# Disque dur externe en lecture seulement



## Abu Rayane (27 Janvier 2015)

Bonjour,

J'ai un DD formaté en MAC OS extended, il est en lecture seulement, comment changer pour être en lecture et écriture?

Cordialement


----------



## Sly54 (27 Janvier 2015)

Bonjour,

Une copie de la fenêtre "Lire les informations" du disque dur ?

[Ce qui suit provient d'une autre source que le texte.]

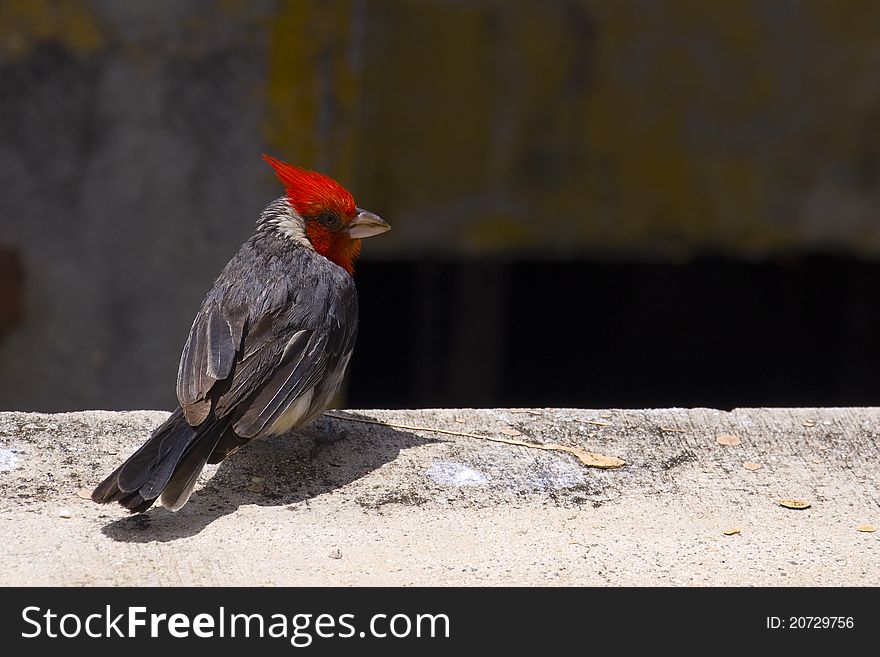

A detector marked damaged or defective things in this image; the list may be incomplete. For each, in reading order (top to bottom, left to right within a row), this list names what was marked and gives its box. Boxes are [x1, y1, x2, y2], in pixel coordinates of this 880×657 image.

cracked concrete [0, 410, 876, 584]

*Note de la modération*: pas trop de rapport avec les portables Mac, je déplace dans le forum adéquat.


----------



## pascalformac (27 Janvier 2015)

Cliquer le cadenas en bas de la fenetre d'info  et te mettre en lecture écriture


----------



## cillab (27 Janvier 2015)

comme aux ciffres et des lettres  pas mieux  aller dans utilitaire


----------



## Abu Rayane (28 Janvier 2015)

voici l'image du disque:


----------



## Sly54 (28 Janvier 2015)

D'après ta copie d 'écran, c'est ton disque Time machine.
Pourquoi dis tu qu'il est en lecture seulement ?


----------



## pascalformac (28 Janvier 2015)

le reglage du disque (partition)   des sauvegardes TM est le bon , ne *PAS* le changer


par contre tu  peux changer des trucs de l'autre partition


----------



## Abu Rayane (28 Janvier 2015)

c'est éecrit "You can read only", et lots du backup, ca retourne ce message:


----------



## pascalformac (28 Janvier 2015)

il est aussi ecrit une suite
réparer le disque ou le reformater


----------



## FrançoisMacG (28 Janvier 2015)

L'article de référence est là : http://pondini.org/TM/C6.html

= débrancher puis rebrancher / Réparer le Disque / changer le Disque.


----------



## Abu Rayane (1 Février 2015)

J'ai la meme chose avec des fichiers, la partie Sharing & Permissions est grisée du cote name, comment puis je changer les permissions du fichier dans ce cas?


----------



## FrançoisMacG (2 Février 2015)

Où siègent tes fichiers ?  Dans une partition NTFS ?


----------